In the case of a halftime show captured in broad daylight, there are probably more technical difficulties in creating atmospheres that are representative of each performer’s aesthetic and ethos – and perhaps that is not the case. was never planned. Still, the visuals of the show, other than Mary J. Blige’s dazzling boots and cowboy hat, were of course lackluster compared to what we’ve seen in recent years.
In a catchy moment that probably should have been placed near the end of the show, Dr. Dre was joined by Snoop Dogg to perform “California Love,” thankfully without a 2pac hologram. From there, we cut rather sharply to the hilarious image of 50 Cent hanging upside down from a ceiling and looking extremely uncomfortable, recreating the music video for “In Da Club.” Once his feet were on the ground, he performed the hit to a room of scantily clad dancers.
So far, much of the show’s excitement has been down to the song choice and college flashbacks that these top 40 hits have evoked. But Mary J. Blige finally brought the theatrical aspect of the show with “Family Affair” and a moving rendition of “No More Drama” that ended with her collapsing to the ground, as any soulful live performance should prompt. . Her presence was certainly missed throughout the series, given her magnetism and the amount of success she’s garnered throughout her career. Plus, many of us watched her perform a jaw-dropping mix of hits at the BET Awards in 2019 when she received a lifetime achievement honor. It’s a shame the NFL didn’t think it deserved to have this moment to itself.
Kendrick Lamar’s efforts to host the show matched those of Blige, as he recreated what looked like a garden show with backup male dancers all rocking dyed blonde hair. He performed his most catchy hits “mAAd city” and “alright”, the latter of which the crowd went wild. Remarkably, the lyrics “and we hate po-po” were censored from the song, a disappointing and predictable bargain for a mainstream event like this. (On the other hand, Dr. Dre was able to say “still don’t like the police” on “Still DRE” later.) Rather ominously, Lamar ended his set by switching to “Forgot About Dre,” taking us into the one of the worst moments of the night.

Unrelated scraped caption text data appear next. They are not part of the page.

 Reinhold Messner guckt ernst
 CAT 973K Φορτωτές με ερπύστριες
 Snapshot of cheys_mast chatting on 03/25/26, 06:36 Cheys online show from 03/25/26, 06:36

Speaking of crowd reactions, SoFi Stadium seemed less enthused when Slim Shady showed up to perform the most predictable track he could pick, “Lose Yourself,” in the same old, worn-out hoodie. There really isn’t much to observe about this particular moment, as it was as boring and cringe-worthy as his last pre-pandemic Oscars ambush. Hopefully no more global disasters will occur after this performance.
For all the good memories it may have brought, this year’s halftime show was pretty mediocre and forgettable amid a previous decade of jaw-dropping performances and artists who went all out. . Plus, it’s unfortunate that a hip-hop landmark celebration had to include an artist with a well-known history of physically abusing women and another who was recently charged with sexual assault. If anything, tonight proved that going with female headliners is a safer bet on many levels.